Rising oil prices in the last few years has meant smoldering resentment among users of ordinary fuel: to keep cars on the road, to heat houses, to power this, that and the other thing. But to the oil barons and to the real oil monarch it has been a tremendous boon. (No, this has not translated into higher living standards of the Arab fellah and certainly not of the fourth generation of Palestinian "refugees.") 

Of course, the oil rich do get richer, much richer, and there is a concentric circle of beneficiaries who get paid for their wares in sums they never imagined. Among these are the artists of the latest fashions, their dealers and the auction houses.  The Art Newspaper has been keeping track of rising prices in the markets, with a particular focus on Middle Eastern collectors, while not ignoring the new zillionaires of the former Soviet Union and what is still politically very much Communist China. 

The May issue of the paper has a front page article on the acquisition at Sotheby's by the Emir of Qatar and his wife, the sheikh and a sheikha each with five names after their titles, acquired what the headline calls "the most expensive (Damien) Hirst" ever for $20 million. That seems to me not to be true. Wasn't there a diamond encrusted skull by Hirst that was sold for $100 million...or maybe it was 100 million pounds?  In any case, the sheikh and sheikha laid about twenty million bucks for what the report describes  as a sculpture

The Qatari royals may be socially and politically conservative but they sure spend money on what is "cutting edge" art and what was once -- and not so long ago -- also was thought of as "cutting edge" art. That is, they paid $73 million also at Sotheby's for what is called the "Rockefeller Rothko," "White Center (Yellow, Pink and Lavender on Rose)," consigned by David Rockefeller. 

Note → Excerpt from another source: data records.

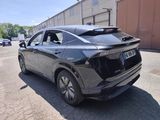 the rear end of a black car parked in a parking lot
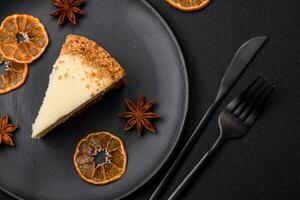 Delicious sweet cheesecake cake on textured concrete background photo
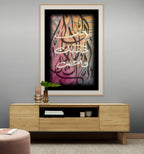 Destined — مكتوب in a natural wood frame above a sideboard in a modern living room | ENJZ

There is in the same issue of The Art Newspaper an article reporting that the Abu Dhabi Guggenheim will have a "potentially unlimited" budget. There the question is: will it have visitors?

And speaking of art prices, there are two articles in this morning's Wall Street Journal that are sociologically fascinating. One is a general story about sky-rocketing values in both modern and contemporary art.  The other, rather shocking, is in the upward price climb of Andy Warhol's portraits of Mao. Christie's has a large portrait of the Chairman on private sale in Hong Kong for $120 million. Of course, there are dozens of these around at all levels of price and many different mediums. But why would an extremely wealthy person living under communism want a picture of the tyrant in his house? Or is this something ironic?